Severity Scale of influenza and acute respiratory illness
hospitalizations to support viral genomic surveillance: A Global
Influenza Hospital Surveillance Network pilot study
Abstract
Background: This study aimed to establish a Severity Scale for
influenza and other acute respiratory infections (ARI), requiring
hospitalization, for surveillance and research purposes (the SevScale).
Such a scale could aid the interpretation of data gathered from
disparate settings. This could facilitate pooled analyses linking viral
genetic sequencing data to clinical severity, bringing insights to
inform influenza surveillance and the vaccine strain selection process.
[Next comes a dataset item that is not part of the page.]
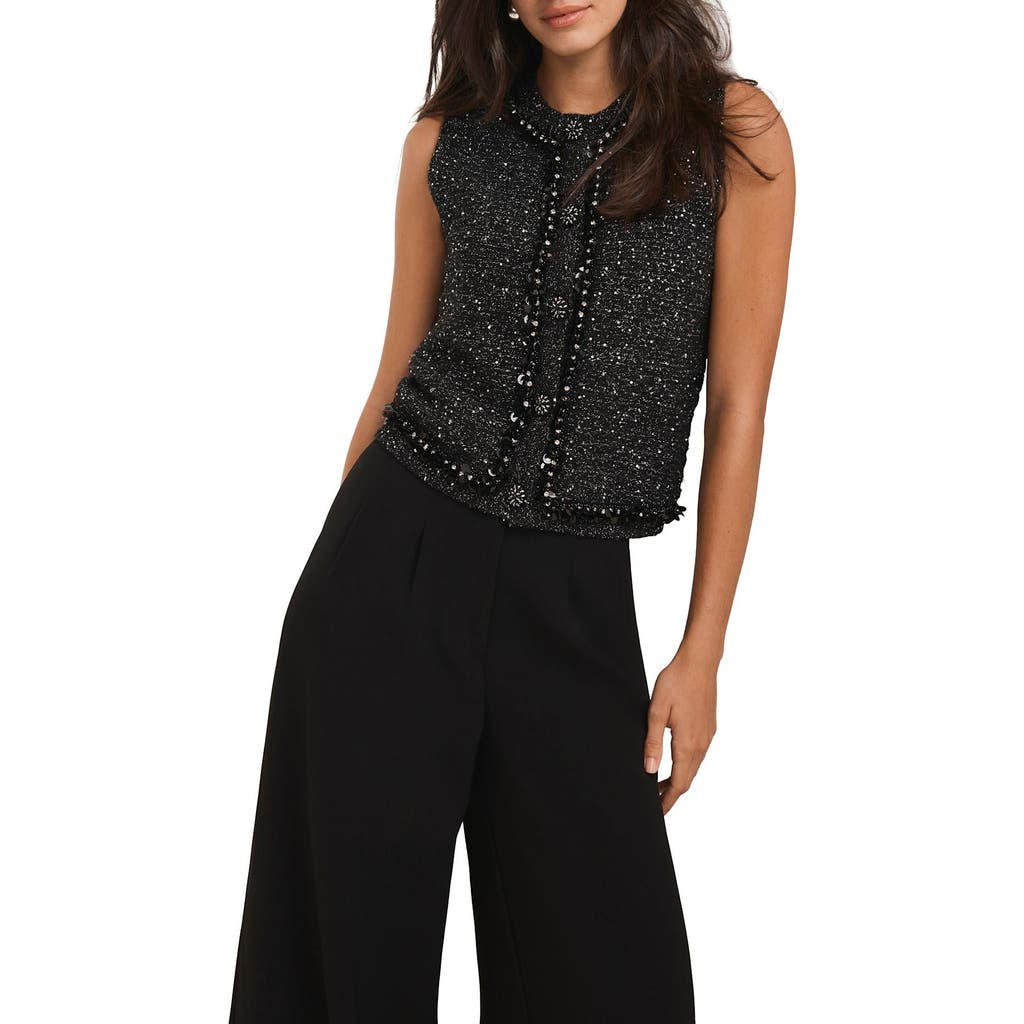 Mint Velvet Embellished Sleeveless Top In Black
Methods: We used a subset of data from the Global Influenza
Hospital Surveillance Network database, including data from different
geographical areas and income levels. To quantify the underlying concept
of severity, an item response model was developed using sixteen
indicators of severity related to the hospital stay. Each patient in the
dataset was assigned a Severity Score and a Severity Category (low,
medium, or high severity). Finally, we compared the model scores across
different subgroups. Results: Data from 9 countries were
included, covering between 4 and 11 seasons from 2012 to 2022, with a
total of 96,190 ARI hospitalizations. Not for all severity indicators
data was available for all included seasons. Subgroups with a high
percentage of patients in the High Severity Category included influenza
A(H1N1)pdm09, age ≥50, lower-middle income countries, and admission
since the start of the COVID-19 pandemic. Conclusions: The
initial model successfully highlighted severity disparities across
patient subgroups. Repeating this exercise with new, more complete data
would allow recalibration and validation of the current model. The
SevScale proved to be a promising method to define severity for
influenza vaccine strain selection, surveillance and research.